- **DATA FOR THE TASK**

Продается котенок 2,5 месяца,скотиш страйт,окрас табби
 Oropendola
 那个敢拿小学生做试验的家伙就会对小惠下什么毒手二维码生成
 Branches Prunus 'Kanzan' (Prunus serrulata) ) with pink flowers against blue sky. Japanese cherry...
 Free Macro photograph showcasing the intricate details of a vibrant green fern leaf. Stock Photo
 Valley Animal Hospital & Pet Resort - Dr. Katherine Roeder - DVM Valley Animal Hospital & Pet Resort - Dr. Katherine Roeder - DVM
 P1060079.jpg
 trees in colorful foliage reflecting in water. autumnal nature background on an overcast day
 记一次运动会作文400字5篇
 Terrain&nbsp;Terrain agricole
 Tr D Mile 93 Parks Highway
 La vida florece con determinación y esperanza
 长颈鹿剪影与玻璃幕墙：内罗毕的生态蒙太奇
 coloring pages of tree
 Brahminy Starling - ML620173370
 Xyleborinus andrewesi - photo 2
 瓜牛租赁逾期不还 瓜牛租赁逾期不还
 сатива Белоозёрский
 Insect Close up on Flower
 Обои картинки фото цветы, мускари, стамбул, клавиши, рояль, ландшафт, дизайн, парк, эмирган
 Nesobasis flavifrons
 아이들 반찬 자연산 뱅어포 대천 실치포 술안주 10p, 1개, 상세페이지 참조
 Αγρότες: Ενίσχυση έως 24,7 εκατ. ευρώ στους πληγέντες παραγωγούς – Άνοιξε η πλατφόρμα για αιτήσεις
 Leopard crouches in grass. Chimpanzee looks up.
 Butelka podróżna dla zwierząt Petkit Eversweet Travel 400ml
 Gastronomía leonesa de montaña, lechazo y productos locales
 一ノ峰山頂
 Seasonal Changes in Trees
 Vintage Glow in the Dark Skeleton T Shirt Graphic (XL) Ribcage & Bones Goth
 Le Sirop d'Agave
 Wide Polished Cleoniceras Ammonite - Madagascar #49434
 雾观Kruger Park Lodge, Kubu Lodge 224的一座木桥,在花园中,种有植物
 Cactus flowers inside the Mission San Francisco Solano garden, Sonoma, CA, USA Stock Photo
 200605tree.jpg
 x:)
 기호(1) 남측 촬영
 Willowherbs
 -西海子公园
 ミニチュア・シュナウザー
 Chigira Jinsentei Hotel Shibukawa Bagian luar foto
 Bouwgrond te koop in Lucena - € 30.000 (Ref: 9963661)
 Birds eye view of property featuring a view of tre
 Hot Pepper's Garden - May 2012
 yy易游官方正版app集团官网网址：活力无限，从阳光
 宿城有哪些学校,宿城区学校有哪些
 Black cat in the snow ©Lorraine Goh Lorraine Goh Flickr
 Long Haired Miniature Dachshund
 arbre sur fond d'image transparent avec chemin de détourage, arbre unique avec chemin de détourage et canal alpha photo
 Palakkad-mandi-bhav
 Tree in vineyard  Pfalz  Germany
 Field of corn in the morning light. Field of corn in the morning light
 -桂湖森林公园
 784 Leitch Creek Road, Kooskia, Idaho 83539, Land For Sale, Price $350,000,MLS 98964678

- **EXERCISE OBJECTIVE**
Write out all the entries once more, exactly.

- **RESULT OF THE TASK**
Продается котенок 2,5 месяца,скотиш страйт,окрас табби
 Oropendola
 那个敢拿小学生做试验的家伙就会对小惠下什么毒手二维码生成
 Branches Prunus 'Kanzan' (Prunus serrulata) ) with pink flowers against blue sky. Japanese cherry...
 Free Macro photograph showcasing the intricate details of a vibrant green fern leaf. Stock Photo
 Valley Animal Hospital & Pet Resort - Dr. Katherine Roeder - DVM Valley Animal Hospital & Pet Resort - Dr. Katherine Roeder - DVM
 P1060079.jpg
 trees in colorful foliage reflecting in water. autumnal nature background on an overcast day
 记一次运动会作文400字5篇
 Terrain&nbsp;Terrain agricole
 Tr D Mile 93 Parks Highway
 La vida florece con determinación y esperanza
 长颈鹿剪影与玻璃幕墙：内罗毕的生态蒙太奇
 coloring pages of tree
 Brahminy Starling - ML620173370
 Xyleborinus andrewesi - photo 2
 瓜牛租赁逾期不还 瓜牛租赁逾期不还
 сатива Белоозёрский
 Insect Close up on Flower
 Обои картинки фото цветы, мускари, стамбул, клавиши, рояль, ландшафт, дизайн, парк, эмирган
 Nesobasis flavifrons
 아이들 반찬 자연산 뱅어포 대천 실치포 술안주 10p, 1개, 상세페이지 참조
 Αγρότες: Ενίσχυση έως 24,7 εκατ. ευρώ στους πληγέντες παραγωγούς – Άνοιξε η πλατφόρμα για αιτήσεις
 Leopard crouches in grass. Chimpanzee looks up.
 Butelka podróżna dla zwierząt Petkit Eversweet Travel 400ml
 Gastronomía leonesa de montaña, lechazo y productos locales
 一ノ峰山頂
 Seasonal Changes in Trees
 Vintage Glow in the Dark Skeleton T Shirt Graphic (XL) Ribcage & Bones Goth
 Le Sirop d'Agave
 Wide Polished Cleoniceras Ammonite - Madagascar #49434
 雾观Kruger Park Lodge, Kubu Lodge 224的一座木桥,在花园中,种有植物
 Cactus flowers inside the Mission San Francisco Solano garden, Sonoma, CA, USA Stock Photo
 200605tree.jpg
 x:)
 기호(1) 남측 촬영
 Willowherbs
 -西海子公园
 ミニチュア・シュナウザー
 Chigira Jinsentei Hotel Shibukawa Bagian luar foto
 Bouwgrond te koop in Lucena - € 30.000 (Ref: 9963661)
 Birds eye view of property featuring a view of tre
 Hot Pepper's Garden - May 2012
 yy易游官方正版app集团官网网址：活力无限，从阳光
 宿城有哪些学校,宿城区学校有哪些
 Black cat in the snow ©Lorraine Goh Lorraine Goh Flickr
 Long Haired Miniature Dachshund
 arbre sur fond d'image transparent avec chemin de détourage, arbre unique avec chemin de détourage et canal alpha photo
 Palakkad-mandi-bhav
 Tree in vineyard  Pfalz  Germany
 Field of corn in the morning light. Field of corn in the morning light
 -桂湖森林公园
 784 Leitch Creek Road, Kooskia, Idaho 83539, Land For Sale, Price $350,000,MLS 98964678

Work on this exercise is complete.